■ **DATASET**
>>

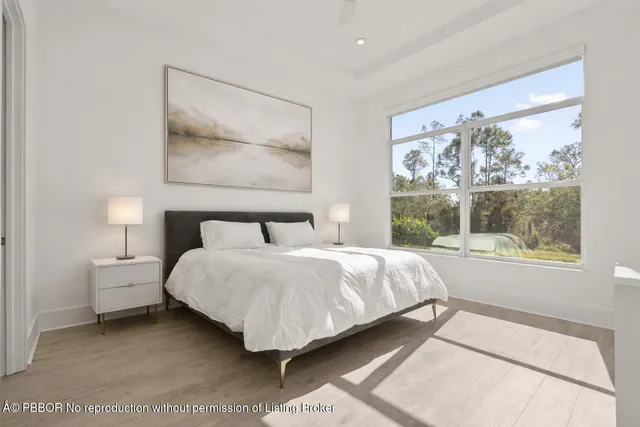 a bedroom with a large bed and a window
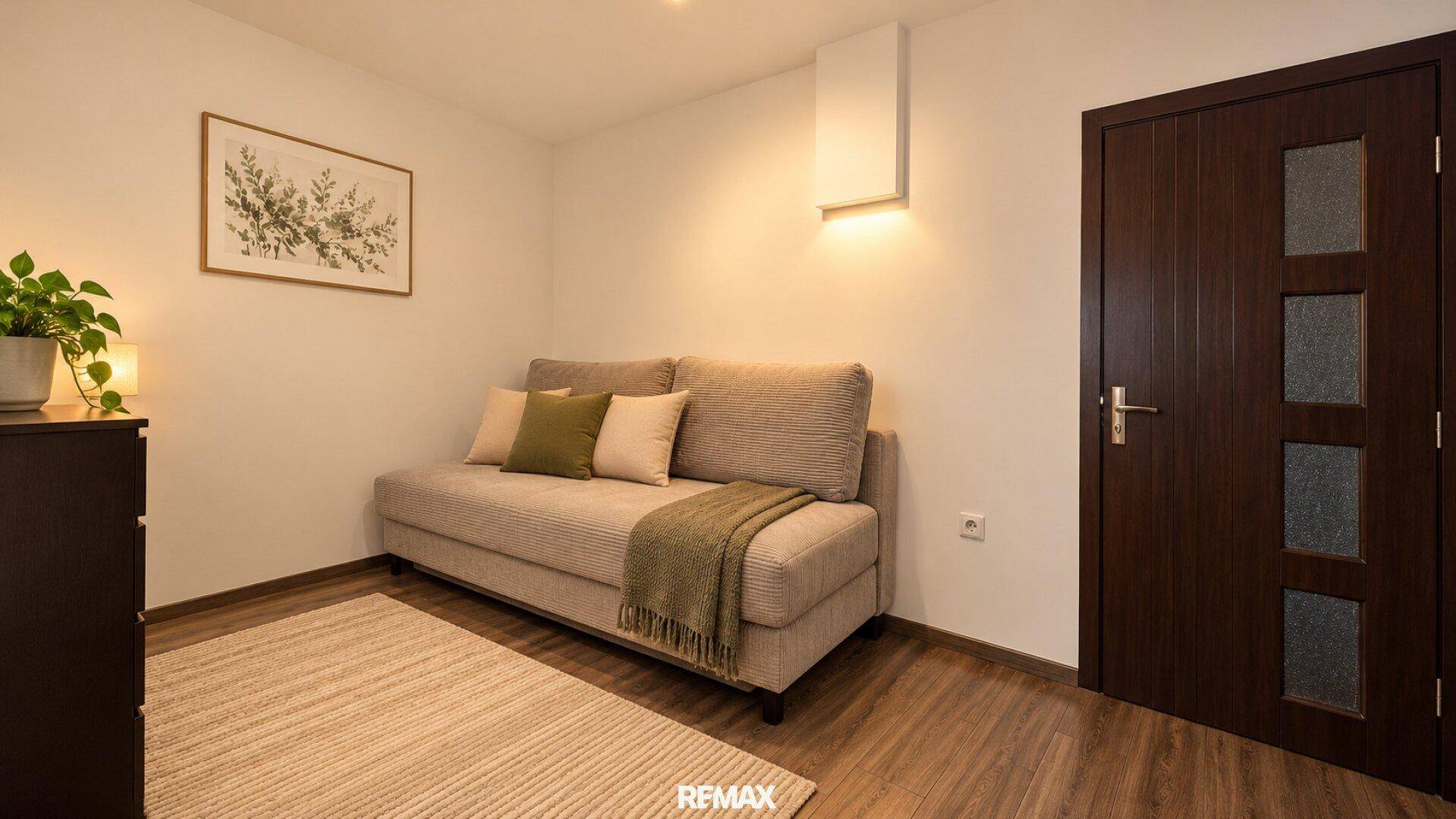 Gemütlicher Wohnbereich mit Sofa, Teppich und indirekter Beleuchtung für eine angenehme Atmosphäre.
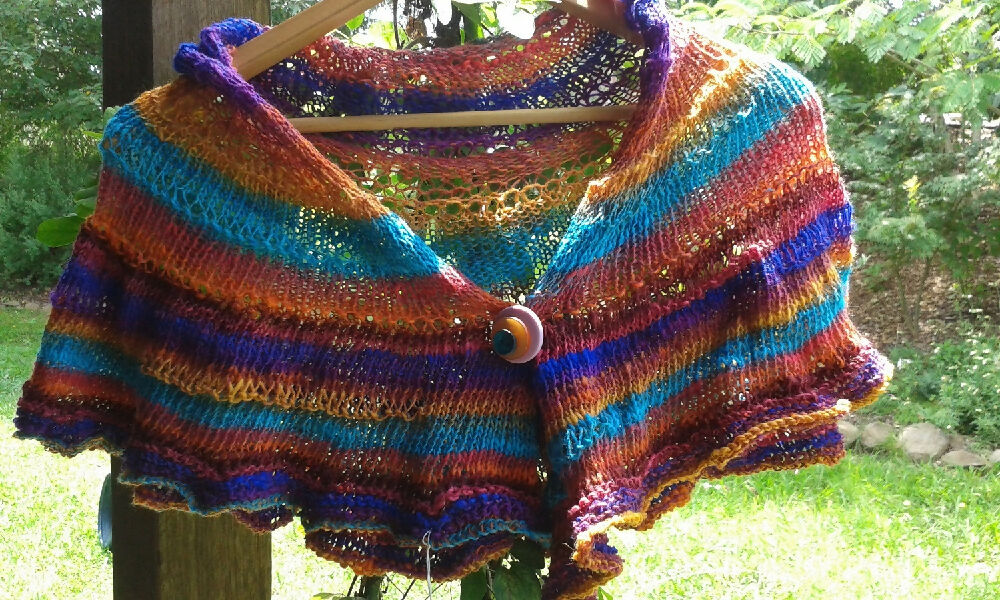 Knitted wrap made from bright silk blend yarn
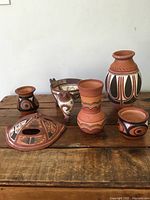 Group shot of all six hand-painted ceramic pottery pieces arranged on wooden table showing color and design variety.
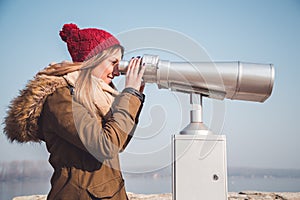 Girl looking through panorama binoculars telescope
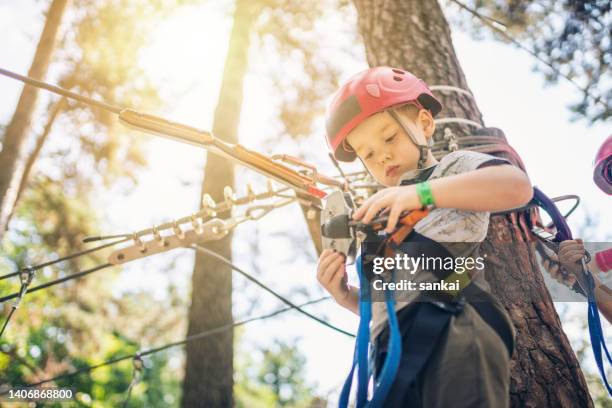 cute little boy goes through an obstacle course in an adventure park at sunset - safe kids day stock pictures, royalty-free photos & images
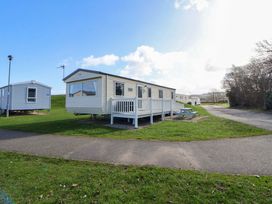 A mobile home with a deck and table at Dunes View in Prestatyn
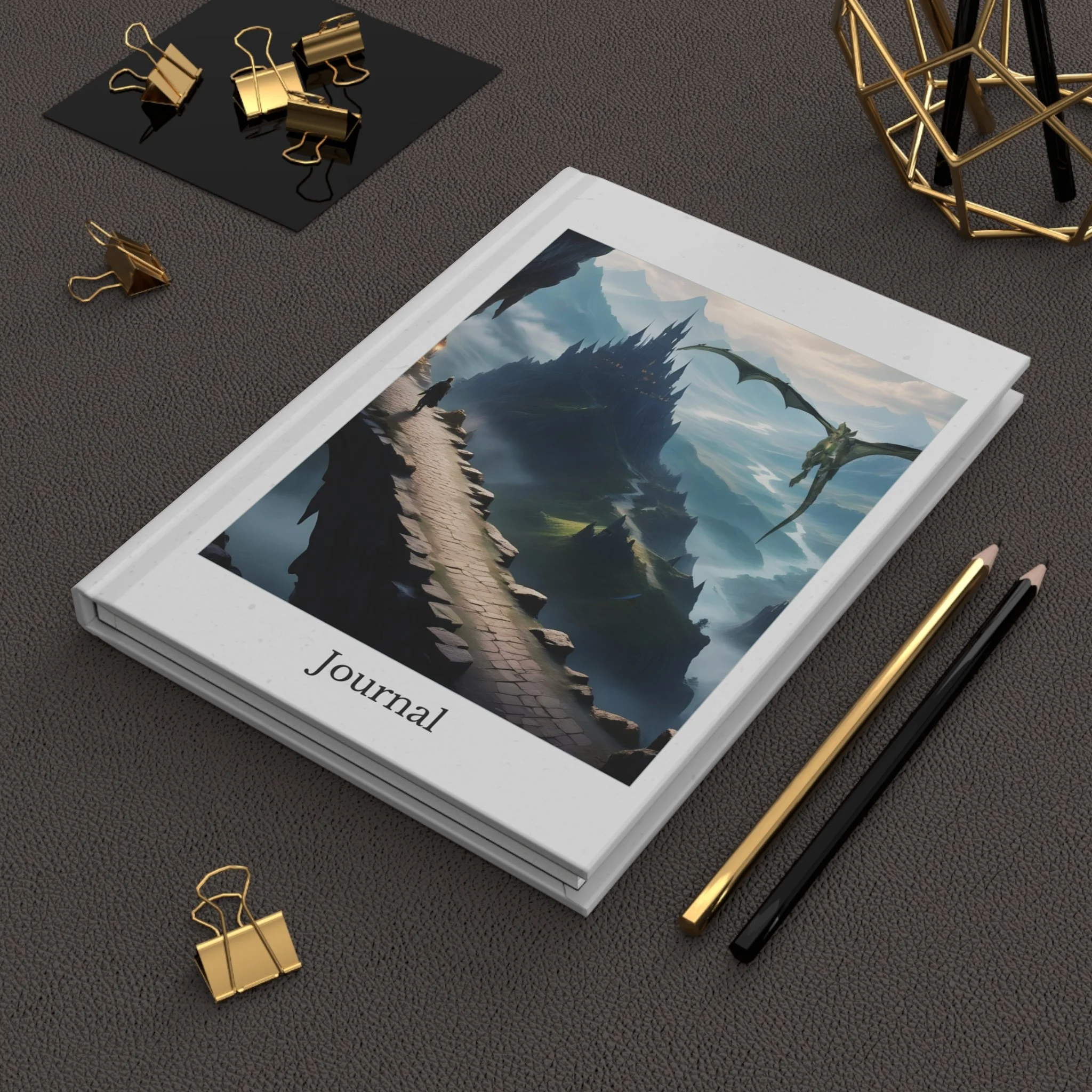 Angled desk view of “The Crossing” fantasy journal with stone bridge and castle artwork, shown with pencils and gold binder clips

<<

■ **TASK TO COMPLETE**
Leave the pictures aside and give the records above back word for word.

■ **THE COMPLETED TASK**
 a bedroom with a large bed and a window
 Gemütlicher Wohnbereich mit Sofa, Teppich und indirekter Beleuchtung für eine angenehme Atmosphäre.
 Knitted wrap made from bright silk blend yarn
 Group shot of all six hand-painted ceramic pottery pieces arranged on wooden table showing color and design variety.
 Girl looking through panorama binoculars telescope
 cute little boy goes through an obstacle course in an adventure park at sunset - safe kids day stock pictures, royalty-free photos & images
 A mobile home with a deck and table at Dunes View in Prestatyn
 Angled desk view of “The Crossing” fantasy journal with stone bridge and castle artwork, shown with pencils and gold binder clips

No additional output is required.